PIAGET and the Roses of the Chateau de Malmaison

May 21, 2013,10:43 AM
 

PIAGET AND THE CHATEAU DE MALMAISON
From passion to patronage

 

 

 

 

 

 

Château de Malmaison © Musée National du Château de Malmaison

 

The rose has a history that Piaget is committed to preserving. By becoming a patron of the project to restore the “former” rose garden of the Château de Malmaison, the watchmaker and jeweler is contributing to bringing one of the most beautiful testimonials to the love of roses back to life.

 

 

 

Further to the celebration of the Piaget Embroidery Rose Dial reported here (click URL): piaget.watchprosite.com

and

Piaget Rose Day announced here (click URL): piaget.watchprosite.com

We are pleased to report on a social awareness project that Piaget has undertaken.

   

Piaget as a patron of the arts

Piaget is making a contribution to the restoration of the castle’s former rose garden to its original splendour by sponsoring the renovation project spearheaded by the Musée National de Malmaison, in preparation for the bicentennial of the death of the Empress in 2014.

The woman whom Napoleon renamed Josephine had, from birth, a predilection for roses thanks to her given name, Rose. The collection that she brought together at Malmaison became one of the most beautiful and enviable collections in all of Europe, thanks to the diversity of some 250 varieties it contained in 1814.

The Malmaison Museum will bring this collection to life again, and at the end of the reconstruction, it will present 750 rose bushes from the First to the Second Empire, enhancing our knowledge of the botanical work of the Empress.
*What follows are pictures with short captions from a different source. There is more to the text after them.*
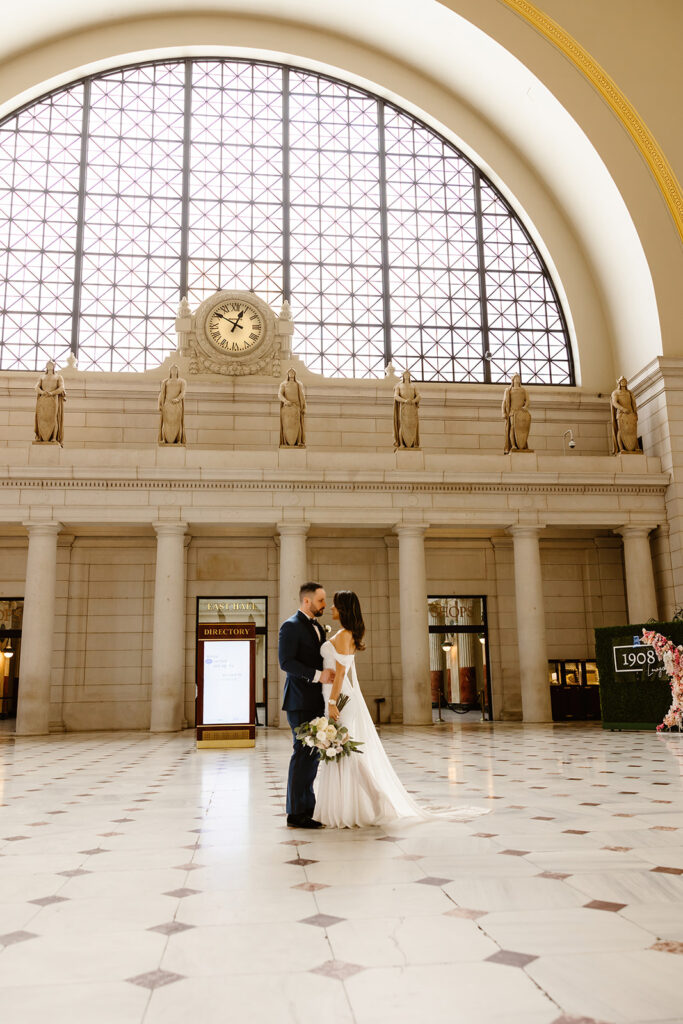 the wedding couple posing at the Union Station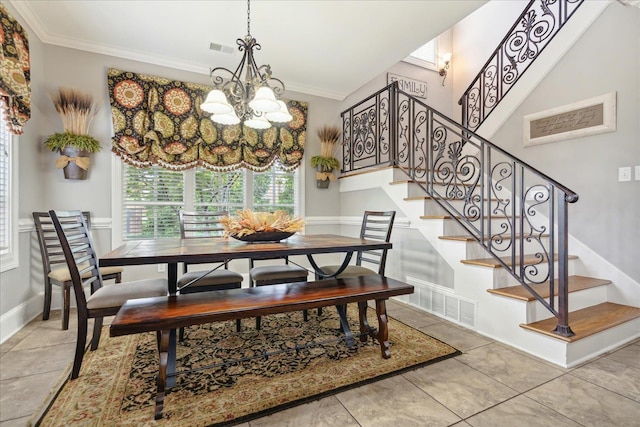 dining area featuring a chandelier, ornamental molding, stairs, and visible vents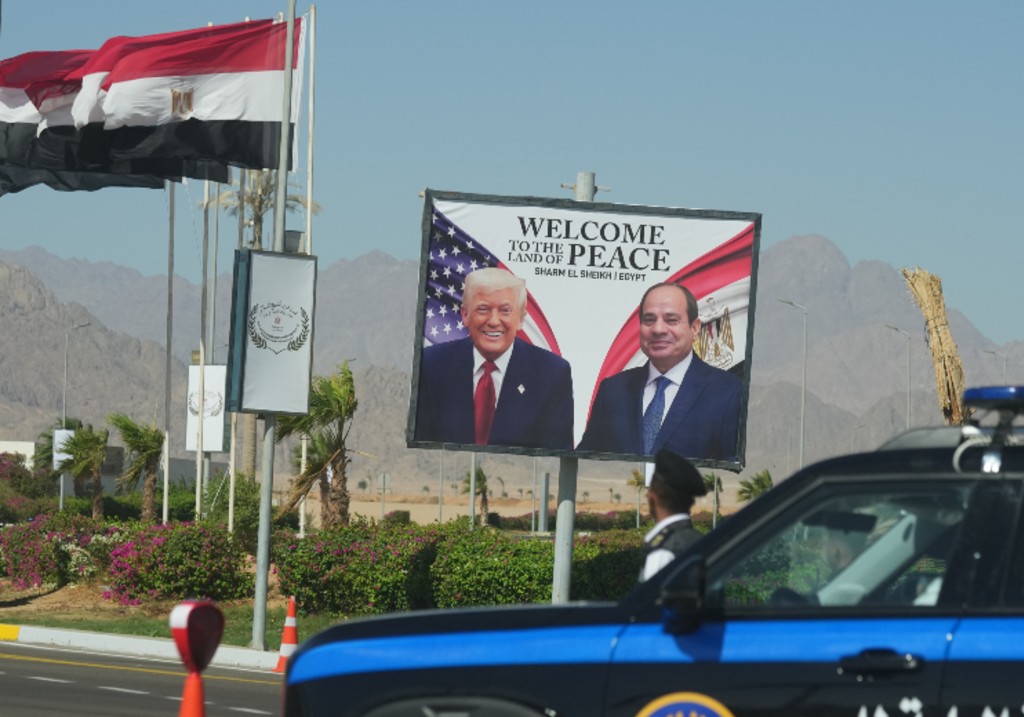 A police vehicle in front of a poster showing Egyptian President Abdel-Fattah el-Sissi and U.S. President Donald Trump at the Red Sea city of Sharm el-Sheikh, Egypt, Monday, Oct. 13, 2025.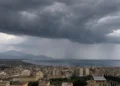 Panoramica di una città siciliana affacciata sul mare con un imponente fronte temporalesco, cielo coperto da nubi scure e piogge visibili in lontananza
This project will take the form of a pedagogical worksite through partnership with the Centre de Formation Professionnelle et de Promotion Horticole of St. Germain-en-Laye. Piaget is proud to be associated with this ambitious program, which will enable the public to experience Josephine’s passion for roses.

 

 

 

The rose garden of the Château de Malmaison before the renovation

 

 

 


 

 

 

The Empress Josephine   

 

 

 

Portrait of Empress Josephine by Firmin Massot © rmn

One woman above all others incarnates the passion for roses: the Empress Josephine. For this woman of refined taste, a leader of fashion, roses are an essential presence. In her gardens, her salons, even on her clothing and in her hair, which she adorned with fresh flowers, roses were part of her daily life. But Josephine’s interest went beyond coquettish fashion. She was a woman ahead of her time, a woman who had an inexhaustible curiosity and a desire to preserve and to share.

 

She hired botanists and sent them out over the world in quest of species of roses that did not exist on the continent. She gave Redouté, the water color painter, a mandate to catalogue very precisely the varieties that she gathered together in the palace gardens. The rose garden she assembled is a veritable conservatory of roses. The works of Redouté, along with this exceptional garden itself, have lent an essential contribution to our knowledge of roses.


 

 

 
 

 

Botanical illustration by P.J. Redouté © rmn

 

 

 

Château de Malmaison

Located fifteen kilometers from Paris, the Château de Malmaison was acquired by Napoleon and Josephine Bonaparte in 1799. The future empress was to give this domain the special character that still accounts for its charm today. From 1800 to 1802, under the Consulate, this little palace became, along with the Tuileries, the seat of the government of France.

Josephine never tired in her efforts to make the "Imperial Palace of Malmaison" and especially its park, a place of wonder. To the very great variety of plants in her garden, she unstintingly added the company of exotic animals: black swans, ostriches, zebras, and antelopes.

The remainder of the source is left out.